Se ha verificado un desarrollo homogéneo de la Doctrina Social de la Iglesia; en el Compendio promulgado por Juan Pablo II, en 2004, se incluye una queja contra el laicismo que en las sociedades democráticas «obstaculiza toda forma de relevancia política y cultural de la fe, buscando descalificar el empeño social y político de los cristianos, porque estos se reconocen en las verdades enseñadas por la Iglesia, y obedecen el deber moral de ser coherentes con la propia conciencia; más radicalmente se llega a negar la misma ética natural» (n. 572). Como se señala en esta última afirmación, la negación del orden superior del espíritu lleva a la deshumanización, a la negación de la naturaleza humana y sus exigencias.
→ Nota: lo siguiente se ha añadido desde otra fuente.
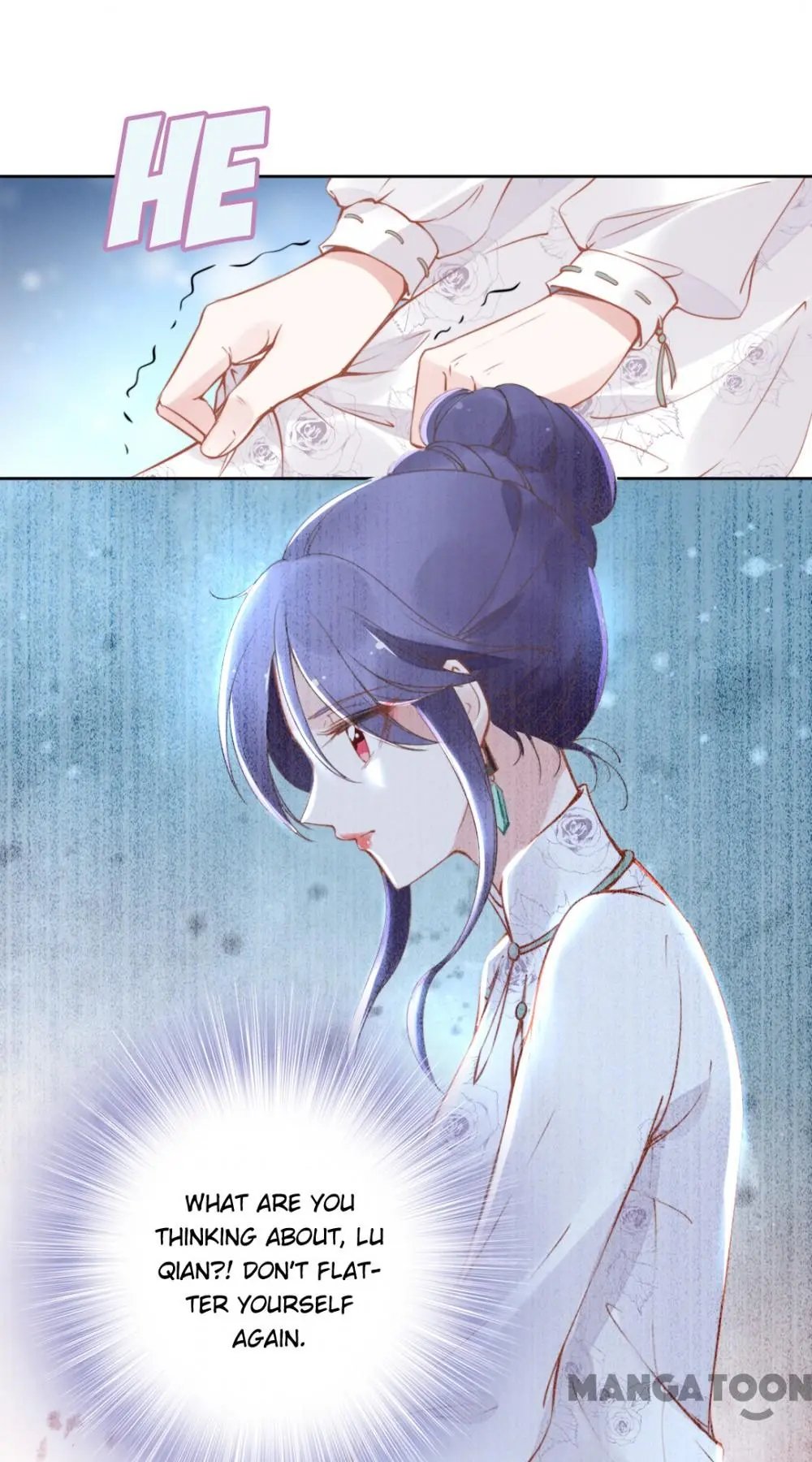 Ceo Quan, You Wife Is Getting Away! chapter 34 page 2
La Iglesia debe recuperarse, ante todo, de la crisis interna que la afecta, para cobrar relevancia en el orden cultural y social, de modo que pueda ayudar al hombre a orientarse hacia su auténtico destino. La ausencia católica de los ámbitos en que se gestan nuevas vigencias culturales deja al mundo en manos del Padre de la mentira (cf. Jn 8, 44). Se impone la necesidad de una reacción y de un trabajo coherente y decidido para forjar una contracultura como verdadera alternativa. Es lo que propone Rod Dreher en su magnífico libro «La opción benedictina. Una estrategia para cristianos en una nación postcristiana» (2017).
Las cinco llagas que veneramos no fueron las únicas que laceraron el Cuerpo del Señor en la pasión; habría que sumar las heridas de la flagelación y de la coronación de espinas (cf. Mt 27, 26. 29; Mc 15, 15). Tampoco, seguramente, eran solo cinco las que sufría la Iglesia en el siglo XIX cuando Rosmini las puso en evidencia. Ni son solo cinco ahora.
Mons. Héctor Aguer, arzobispo emérito de La Plata
Académico de Número de la Academia Nacional de Ciencias Morales y Políticas.
Escrito el lunes 22 de junio de 2020. Memoria de los Santos Juan Fisher, obispo, y Tomás Moro, mártires.